Inskripsi Rogoselo : Jejak Awal Pengaruh Islam di Pekalongan

                                                                    Oleh

                                        Agustijanto Indradjaja (Puslitarkenas)

                                        Veronique Degroot (EFEO)

Kembali ke Situs Rogoselo ( untuk yang pingin tahu situs Rogoselo, lihat lagi artikel tentang "Uniknya Dwarapala dari Rogoselo Pekalongan  (2017)") 

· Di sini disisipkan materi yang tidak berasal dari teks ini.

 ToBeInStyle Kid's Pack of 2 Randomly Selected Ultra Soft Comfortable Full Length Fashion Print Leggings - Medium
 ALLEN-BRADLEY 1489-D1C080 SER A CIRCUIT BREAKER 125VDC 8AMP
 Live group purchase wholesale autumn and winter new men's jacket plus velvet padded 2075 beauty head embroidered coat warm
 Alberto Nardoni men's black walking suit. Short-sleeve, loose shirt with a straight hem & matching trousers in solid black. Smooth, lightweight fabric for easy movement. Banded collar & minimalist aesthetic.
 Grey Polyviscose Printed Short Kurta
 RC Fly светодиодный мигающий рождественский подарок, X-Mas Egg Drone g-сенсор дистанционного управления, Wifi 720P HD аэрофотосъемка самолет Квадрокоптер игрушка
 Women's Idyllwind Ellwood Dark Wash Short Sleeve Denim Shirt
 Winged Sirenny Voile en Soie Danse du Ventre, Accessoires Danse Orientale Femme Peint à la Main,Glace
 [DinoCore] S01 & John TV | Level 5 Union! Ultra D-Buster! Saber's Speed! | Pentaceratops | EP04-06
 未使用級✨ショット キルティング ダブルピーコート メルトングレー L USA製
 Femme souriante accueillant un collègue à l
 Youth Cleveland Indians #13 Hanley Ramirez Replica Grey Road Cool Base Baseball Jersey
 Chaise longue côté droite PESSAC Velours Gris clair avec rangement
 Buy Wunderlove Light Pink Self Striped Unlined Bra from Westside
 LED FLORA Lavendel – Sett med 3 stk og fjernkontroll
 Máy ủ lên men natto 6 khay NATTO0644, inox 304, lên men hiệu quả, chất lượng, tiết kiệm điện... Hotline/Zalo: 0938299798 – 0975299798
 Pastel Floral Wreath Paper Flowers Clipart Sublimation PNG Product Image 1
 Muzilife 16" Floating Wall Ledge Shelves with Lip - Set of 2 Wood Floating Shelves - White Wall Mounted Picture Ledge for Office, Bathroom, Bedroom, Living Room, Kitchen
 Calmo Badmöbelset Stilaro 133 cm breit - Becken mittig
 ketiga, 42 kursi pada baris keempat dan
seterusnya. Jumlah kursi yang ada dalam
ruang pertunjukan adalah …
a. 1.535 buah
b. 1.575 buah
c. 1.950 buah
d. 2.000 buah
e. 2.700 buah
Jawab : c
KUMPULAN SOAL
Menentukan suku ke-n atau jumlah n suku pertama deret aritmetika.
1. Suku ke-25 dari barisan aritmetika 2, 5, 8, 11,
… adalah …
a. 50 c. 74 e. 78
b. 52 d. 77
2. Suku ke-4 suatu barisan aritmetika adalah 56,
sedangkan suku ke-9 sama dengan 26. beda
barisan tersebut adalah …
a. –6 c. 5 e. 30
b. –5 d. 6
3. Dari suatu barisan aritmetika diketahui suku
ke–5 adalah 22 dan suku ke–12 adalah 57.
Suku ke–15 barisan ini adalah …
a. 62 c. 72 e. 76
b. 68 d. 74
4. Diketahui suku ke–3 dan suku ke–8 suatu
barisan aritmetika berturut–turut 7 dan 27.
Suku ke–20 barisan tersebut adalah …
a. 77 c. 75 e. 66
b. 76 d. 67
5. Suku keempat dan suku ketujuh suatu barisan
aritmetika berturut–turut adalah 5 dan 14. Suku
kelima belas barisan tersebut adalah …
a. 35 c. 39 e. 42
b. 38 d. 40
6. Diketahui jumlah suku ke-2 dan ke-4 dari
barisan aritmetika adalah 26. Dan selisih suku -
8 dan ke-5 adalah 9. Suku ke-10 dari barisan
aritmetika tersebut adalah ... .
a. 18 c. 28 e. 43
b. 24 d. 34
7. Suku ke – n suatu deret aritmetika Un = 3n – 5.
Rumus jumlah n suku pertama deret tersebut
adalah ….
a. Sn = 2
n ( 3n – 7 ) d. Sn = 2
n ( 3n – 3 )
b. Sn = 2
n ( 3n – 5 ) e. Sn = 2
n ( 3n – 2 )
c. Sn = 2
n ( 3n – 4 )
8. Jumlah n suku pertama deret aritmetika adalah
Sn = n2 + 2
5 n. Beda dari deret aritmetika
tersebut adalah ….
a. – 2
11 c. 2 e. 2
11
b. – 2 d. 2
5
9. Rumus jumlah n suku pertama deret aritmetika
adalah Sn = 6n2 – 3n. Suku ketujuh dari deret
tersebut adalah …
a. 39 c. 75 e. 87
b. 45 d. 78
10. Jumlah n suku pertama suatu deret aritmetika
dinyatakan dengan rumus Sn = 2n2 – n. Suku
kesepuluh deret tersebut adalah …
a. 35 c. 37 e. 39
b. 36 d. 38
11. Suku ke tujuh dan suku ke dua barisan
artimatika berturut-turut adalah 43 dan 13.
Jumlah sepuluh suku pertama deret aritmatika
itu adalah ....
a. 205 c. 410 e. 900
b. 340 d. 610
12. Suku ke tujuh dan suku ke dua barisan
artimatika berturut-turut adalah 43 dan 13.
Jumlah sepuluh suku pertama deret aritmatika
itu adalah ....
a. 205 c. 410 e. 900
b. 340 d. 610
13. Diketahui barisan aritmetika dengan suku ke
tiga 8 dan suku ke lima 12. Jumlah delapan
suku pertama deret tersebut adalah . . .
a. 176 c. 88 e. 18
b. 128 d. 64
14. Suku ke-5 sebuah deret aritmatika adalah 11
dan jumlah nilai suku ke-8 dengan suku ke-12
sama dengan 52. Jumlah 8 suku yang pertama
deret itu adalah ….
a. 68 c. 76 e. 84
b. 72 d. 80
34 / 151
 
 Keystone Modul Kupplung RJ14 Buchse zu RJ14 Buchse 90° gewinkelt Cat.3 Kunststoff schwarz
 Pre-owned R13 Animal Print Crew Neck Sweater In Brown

Fragmen Inskripsi Rogoselo di Museum Nasional

Di dalam laporan N.J.Krom tentang situs Rogoselo disebutkan bahwa di samping tinggalan masa Hindu-Buddha  juga ditemukan tiga kubur.  Pada kubur yang paling atas adalah kubur “Kjai Matas Angin” (4.9 x 3 m).  Kubur ini ditandai oleh dua batu tegak yang rata sebagai nisannya.  Sekitar 500 meter dari kubur pertama terdapat kubur “Panggerang Dipan” atau “Gara Manik”, yang kuburnya ditata dengan batu kali.  Sekitar 50 meter dari kubur kedua dikenali oleh masyarakat sebagai “Pangerang Sling Singan.  Satu inskripsi modern terbuat dari batu berhuruf Jawa pertengahan juga ditemukan di tempat ini.  Inskripsi tersebut kini berada di Museum Nasional di Jakarta (nomer inventaris D.24). Inskripsi ini dipertanggalkan sekitar 1571 saka (1659 M).  Upaya melacak keberadaan inskripsi ini  seutuhnya di Museum Nasional sudah pernah diupayakan, Namun belum berhasil.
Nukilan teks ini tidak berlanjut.